After the MSC legislation what should contractors do with existing contracts?

IR35 Test

In the light of the Managed Service Companies (MSC) legislation in the recent Budget, what options do contractors have open to them with their contracts and what should they do to make sure they are compliant?

The Best Option: Umbrella or Ltd Company?

For contractors starting out and choosing to go through a PAYE umbrella, it is vital to ensure that any expense payments on offer can actually be claimed. Says Kate Cottrell, Co-Founder of Bauer & Cottrell: “It is highly likely that HMRC would view the workplace as a permanent one, so unless a contractor is required to travel to a temporary workplace no travel and subsistence payments are possible, and without these this option is not very attractive.”

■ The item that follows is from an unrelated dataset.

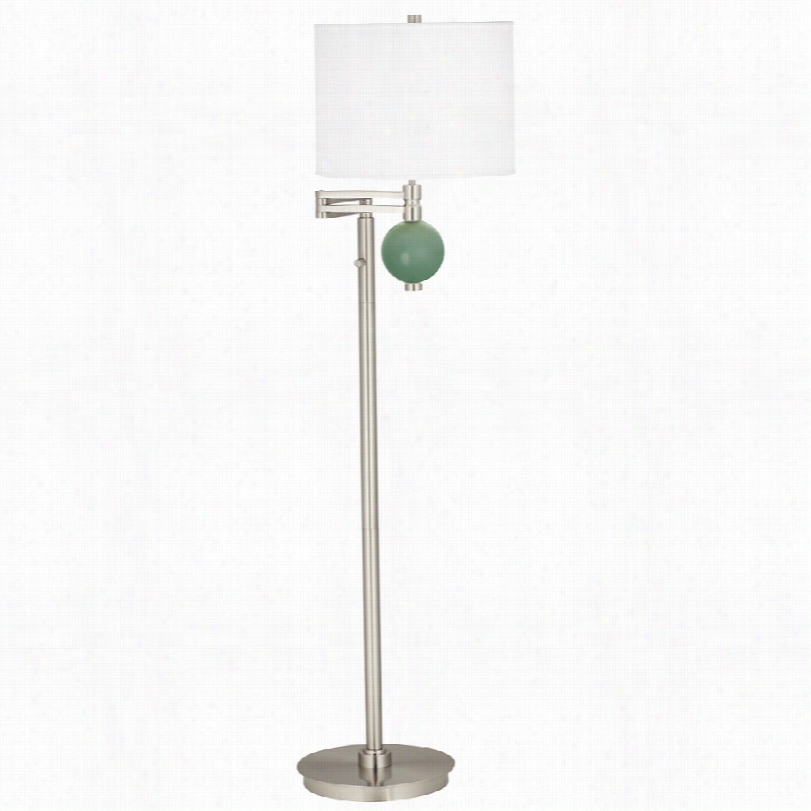 Contemporary Comfrey Green Niko 58-inch-hh Swnig Arm Floor Lamp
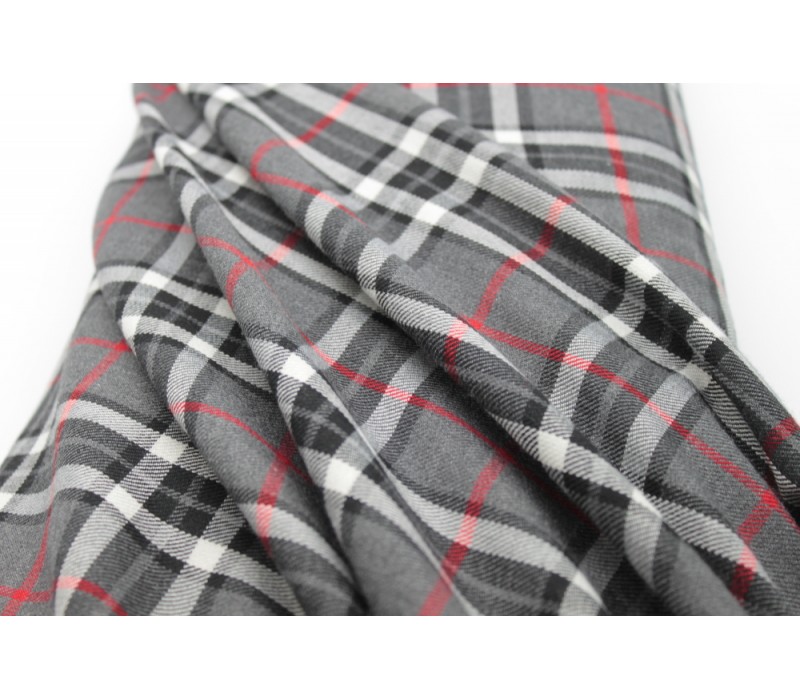 Red and Grey Tartan Fabric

Opting for the limited company where they would have full financial and management control, then perhaps the biggest issue is IR35 and any contract needs to be checked to see if it is inside or outside the IR35 legislation. “It is worth doing some sums before deciding between an umbrella option or a limited company. This includes umbrella with and without expenses, and limited in and out of IR35,” adds Cottrell.

Moving Providers

..unless a contractor is required to travel to a temporary workplace no travel and subsistence payments are possible

Kate Cottrell - Bauer & Cottrell

According to Chris Lee, Head of Business Tax at James Cowper, the contractor may be able to drop their MSC and move to a Personal Service Company (PSC), but this will depend upon the terms of the contractor's contract with the agency and whether they can practically make the change in the short time available. However, because the NIC regulations on MSCs are not expected to be implemented before August 2007, it seems likely that many contractors will continue to use MSCs until then.

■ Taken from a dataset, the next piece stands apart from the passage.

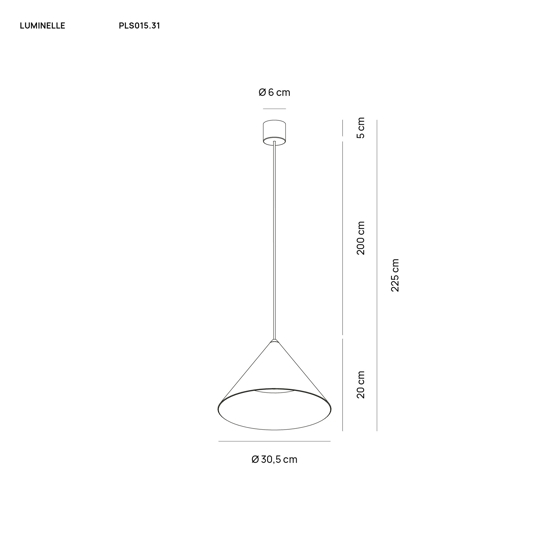 Lampada a sospensione design cono antracite vivida luminelle 30cm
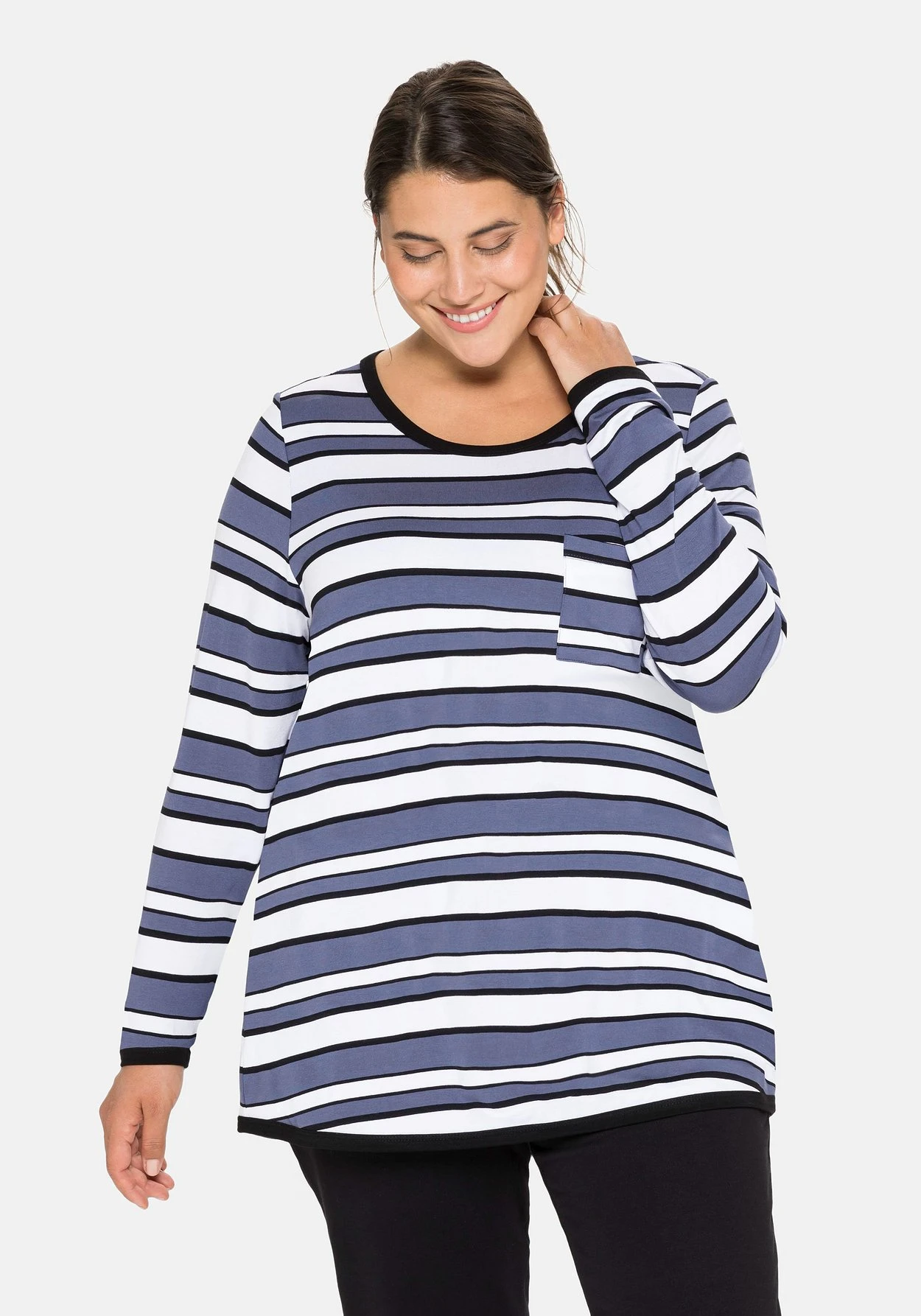 Sheego Langarmshirt Mit Ringelmuster Und Brusttasche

“The overall tax burden will be slightly higher than under the pre-MSC regime, but there will still be a worthwhile overall saving, most particularly for contractors who do not claim significant expenses,” he says.

But, according to John Chaplin, Director of Taxes at KPMG LLP, given the changes announced on Budget day and clarified in the guidance notes published last Thursday, it's unlikely that many informed agencies will be happy to accept contractors providing their services via PSCs promoted by a managed service provider.

“Some providers are relying on an exemption in the legislation for ‘accountancy services’, but I don't believe that this holds water. Some of the bigger providers have already announced a move away from PSCs to umbrella companies and I'd expect that more and more agencies will demand this approach,” he says.

Some providers are relying on an exemption in the legislation for accountancy services... but I do not believe that this holds water

John Chaplin - KPMG

According to Kate Cottrell, if the MSC has signed a contract with an agency or directly with an end client to provide the contractors services this is a legally binding document. “It will be necessary to look closely at the termination provisions including notice periods with particular attention being paid to potential breach of contract and any penalties for the same,” says Cottrell.

Can Contractors Insist On Changing of Provider?

Legally, it depends on the contracts entered into, but John Chaplin feels that most agencies will be happy to allow a change to a compliant provider without being too worried about what the contract might say - particularly if they could be putting themselves at financial risk by not doing so.

“I'm expecting a fair bit of movement between providers as they vie for customers. What contractors need to be wary of is jumping ship without understanding how their existing provider is managing the process, how the new provider will deliver on promises and how their accounts will be prepared by the old provider,” says KPMG LLP’s Chaplin. “Many of the providers are still coming to terms with the changes themselves and some are saying things which are, frankly, technically misleading at best.”

Can Contracts Be Renegotiated to be Outside IR35?

If they have their own limited company without any MSC provider involved, then this could potentially save them quite a bit of tax and is possible. “If an MSC is involved, then it's pretty irrelevant as PAYE will be due anyway,” says John Chaplin. “However, IR35 depends on the working practice as well as any contractual relationship. Given this, and the current interest surrounding MSCs and IR35, I would caution any contractor to be wary of renegotiating a contract simply to avoid IR35.”

IR35 depends on the working practice as well as any contractual relationship

John Chaplin - KPMG

And The Short Notice Period?

Contractors may have less than their normal termination clauses (4 weeks) in which to make the necessary changes. Some contractors are concerned about managing their tax affairs for that period. Will they be chased for further tax?

Says John Chaplin: “The legislation hasn't yet received Royal Assent and so it could change. Also, I'm not sure how easy it would be or how much appetite HMRC has to chase up on PAYE liabilities for tens of thousands of contractors who may or may not have a PAYE liability. My own view is that they will take a pragmatic approach as long as things are put right ASAP after the legislation is finalised but there can be no guarantee of this.”